Would you please set down, word for word, the lines from the one with "Victron SmartShunt 500A/50mV" through the final line of the data below, omitting any pictures?

▶ Stored items from a collection
Segment Open

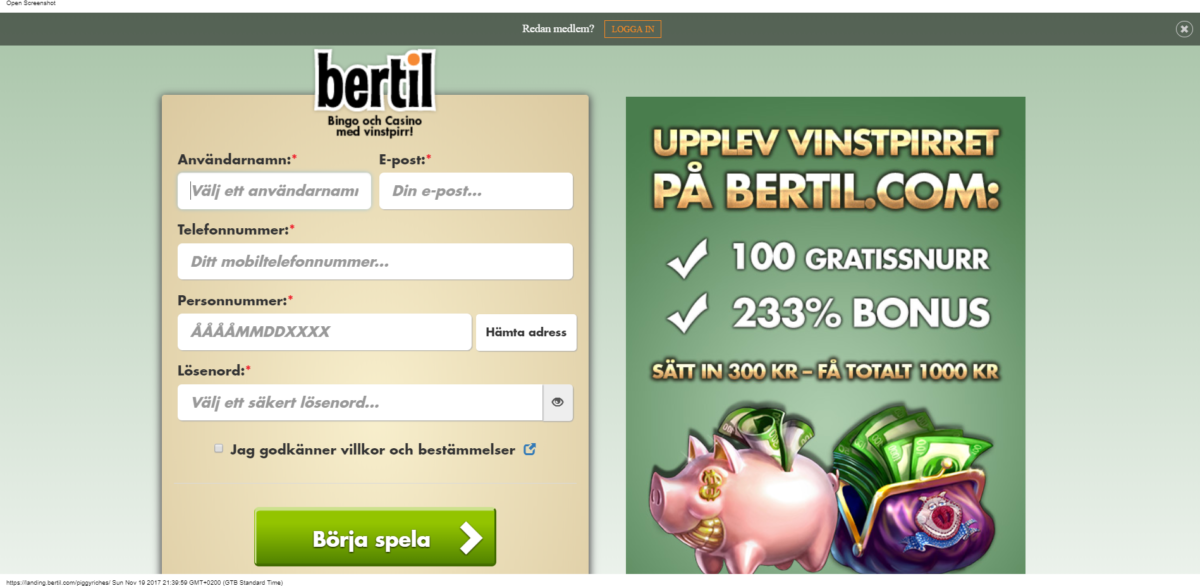 Bertil Casino Bonus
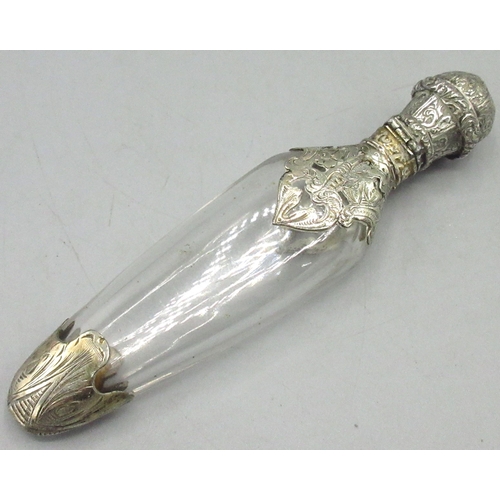 102 - French silver-gilt mounted clear glass scent bottle, clear glass tapering bottle with openwork and e... 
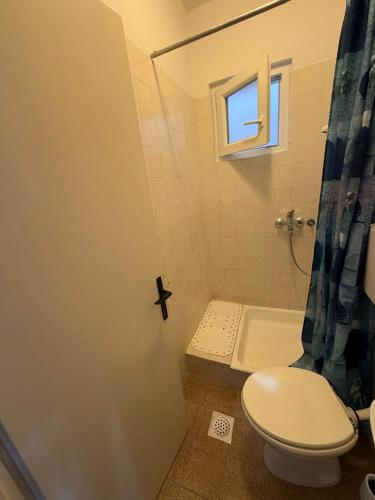 a bathroom with a toilet and a sink and a window at Studio Apartman ISRA 1 in Palit
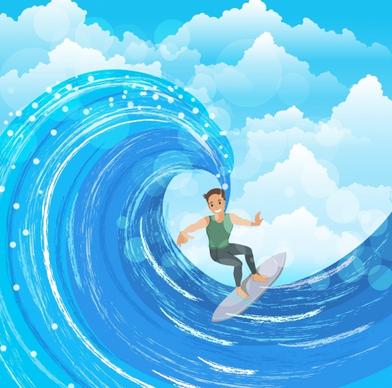 surfing drawing man surfboard wave icons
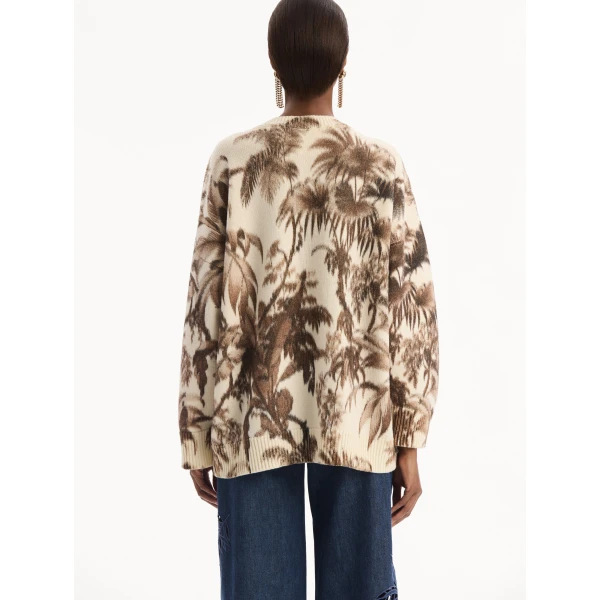 Oscar de la Renta Chiné Palm Leaves Oversized Pullover - Knitwear - American Luxury Evening Wear at Coveti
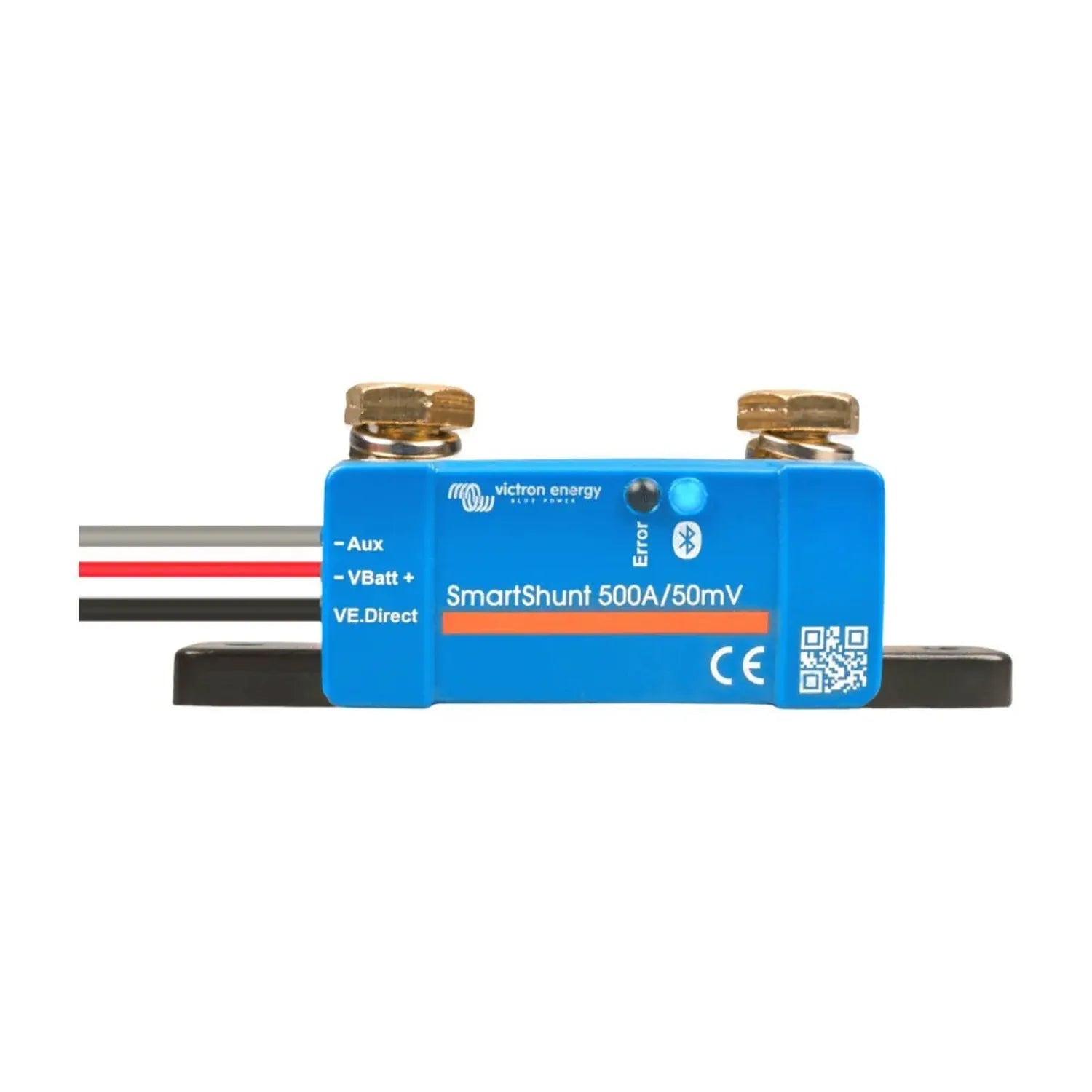 Victron SmartShunt 500A/50mV battery monitor, blue rectangular device with brass terminals and three color-coded wires, front
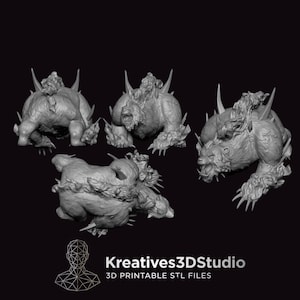 May include: Four grey 3D-printed figures of a snarling, muscular creature with spikes and fur-like textures, displayed from different angles. The text Kreatives3DStudio 3D PRINTABLE STL FILES appears at the bottom with a geometric head icon.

Segment Closed

▶ Task solution
 Victron SmartShunt 500A/50mV battery monitor, blue rectangular device with brass terminals and three color-coded wires, front
 May include: Four grey 3D-printed figures of a snarling, muscular creature with spikes and fur-like textures, displayed from different angles. The text Kreatives3DStudio 3D PRINTABLE STL FILES appears at the bottom with a geometric head icon.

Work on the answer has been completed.